Starting at the line below holding "What a transformation!" and stopping at the line holding "Cover image for", print every line exactly, both ends included, and leave the rest out.

Data provided:
[Start of section]

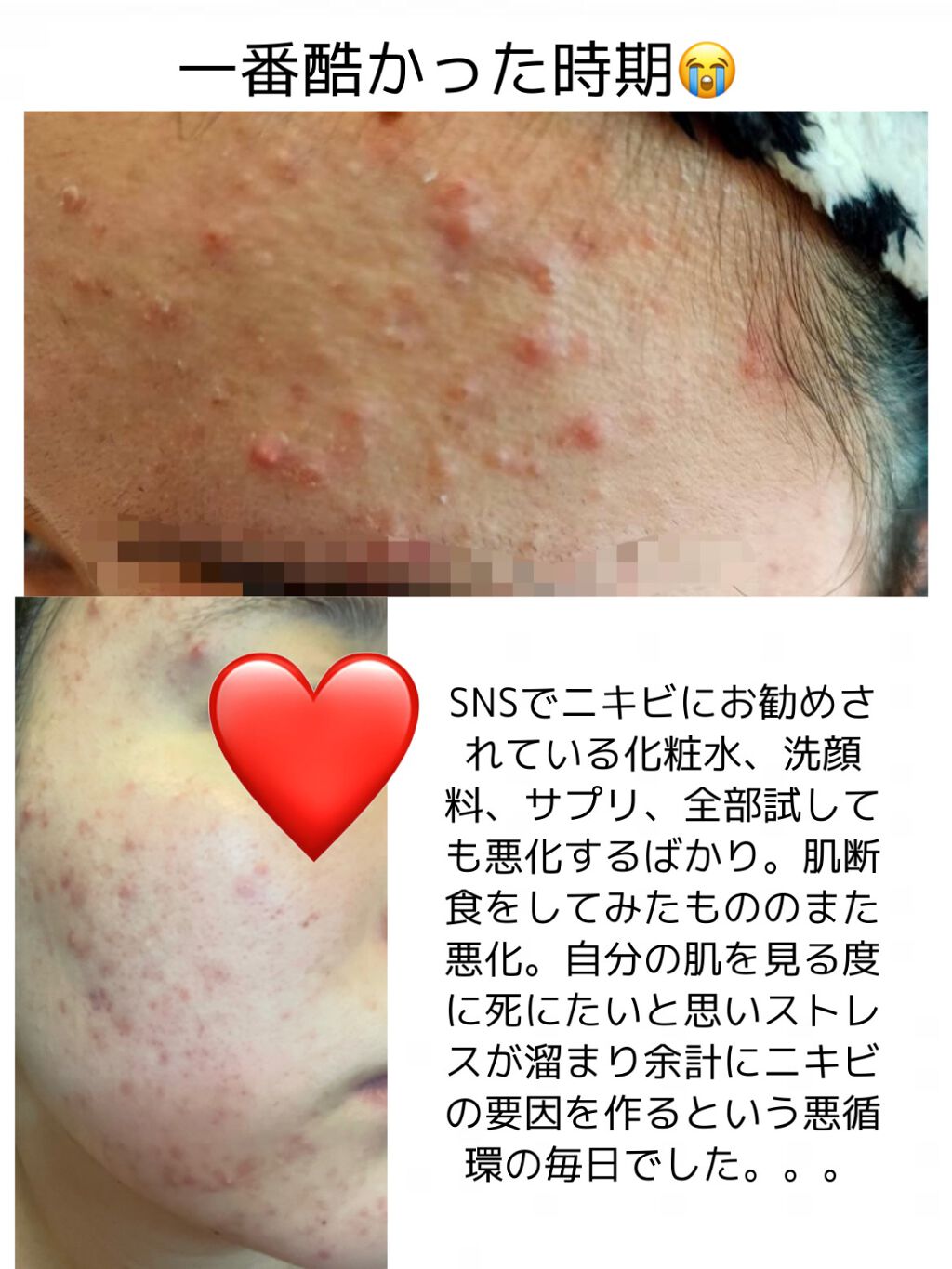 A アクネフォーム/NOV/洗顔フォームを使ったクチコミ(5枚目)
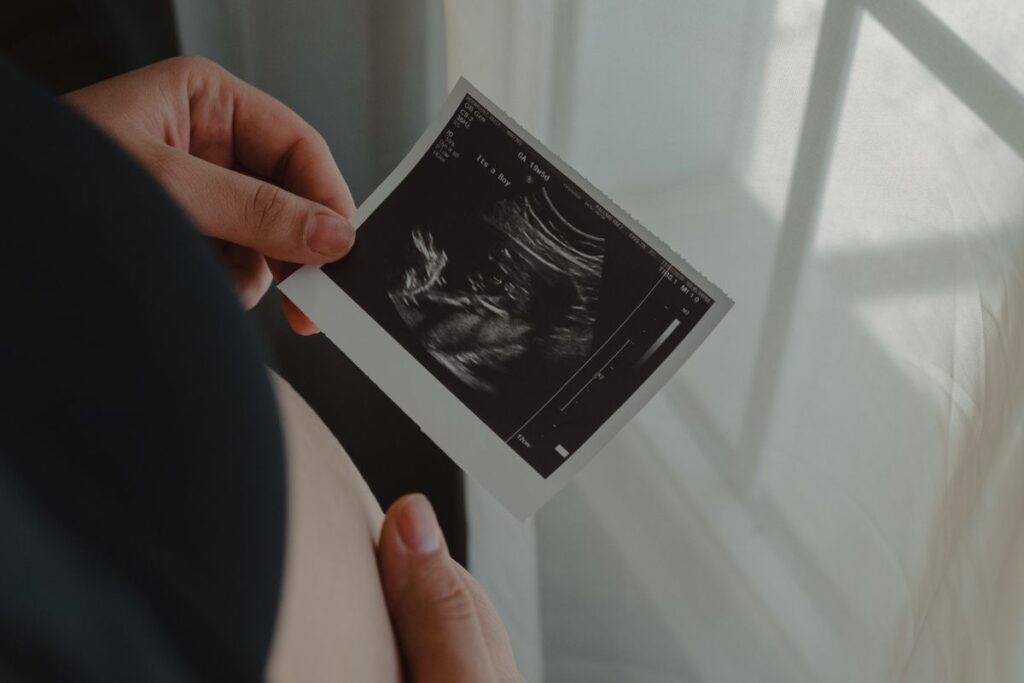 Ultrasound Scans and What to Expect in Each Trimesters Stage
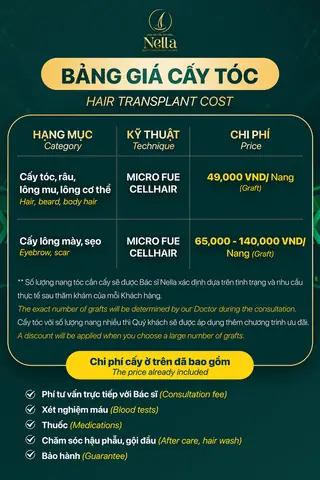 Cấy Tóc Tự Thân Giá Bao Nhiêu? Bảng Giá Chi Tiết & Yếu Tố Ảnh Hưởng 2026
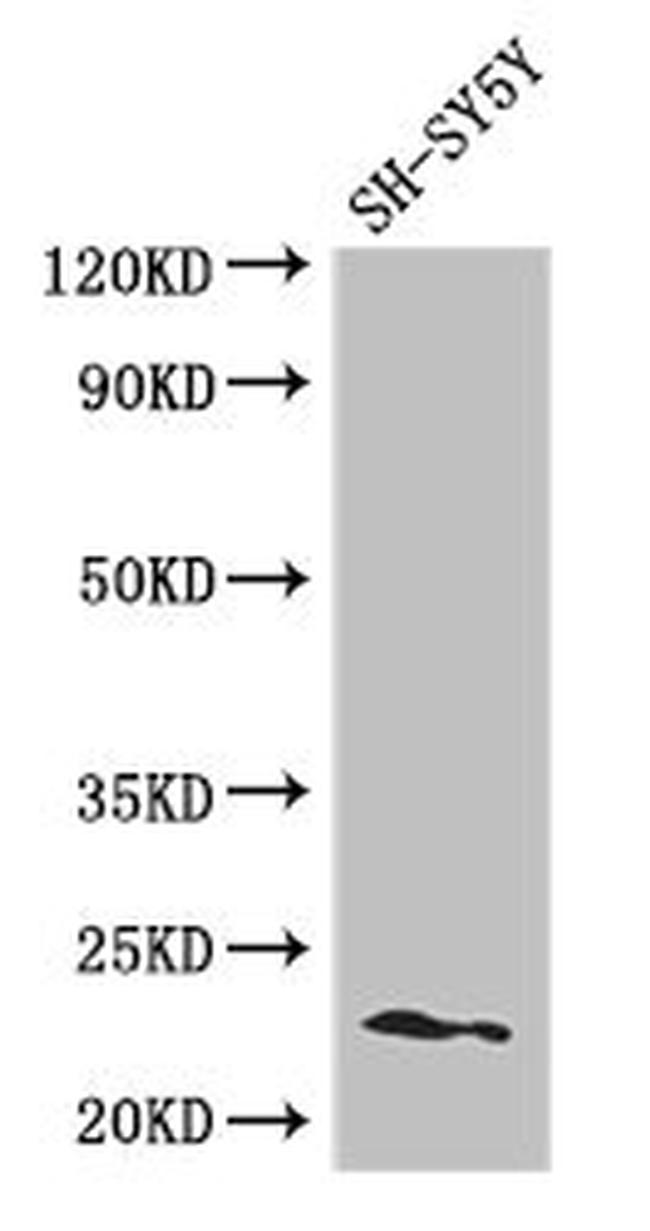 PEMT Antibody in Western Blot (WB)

[End of section]
[Start of section]

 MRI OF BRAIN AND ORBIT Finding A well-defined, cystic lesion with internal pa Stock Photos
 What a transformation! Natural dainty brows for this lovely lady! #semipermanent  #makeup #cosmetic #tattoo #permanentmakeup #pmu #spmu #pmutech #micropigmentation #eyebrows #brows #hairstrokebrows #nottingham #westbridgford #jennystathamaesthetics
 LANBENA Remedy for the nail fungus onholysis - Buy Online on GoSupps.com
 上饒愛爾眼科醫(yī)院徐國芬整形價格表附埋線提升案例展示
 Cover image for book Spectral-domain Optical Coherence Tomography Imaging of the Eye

[End of section]

Answer for the task:
 What a transformation! Natural dainty brows for this lovely lady! #semipermanent  #makeup #cosmetic #tattoo #permanentmakeup #pmu #spmu #pmutech #micropigmentation #eyebrows #brows #hairstrokebrows #nottingham #westbridgford #jennystathamaesthetics
 LANBENA Remedy for the nail fungus onholysis - Buy Online on GoSupps.com
 上饒愛爾眼科醫(yī)院徐國芬整形價格表附埋線提升案例展示
 Cover image for book Spectral-domain Optical Coherence Tomography Imaging of the Eye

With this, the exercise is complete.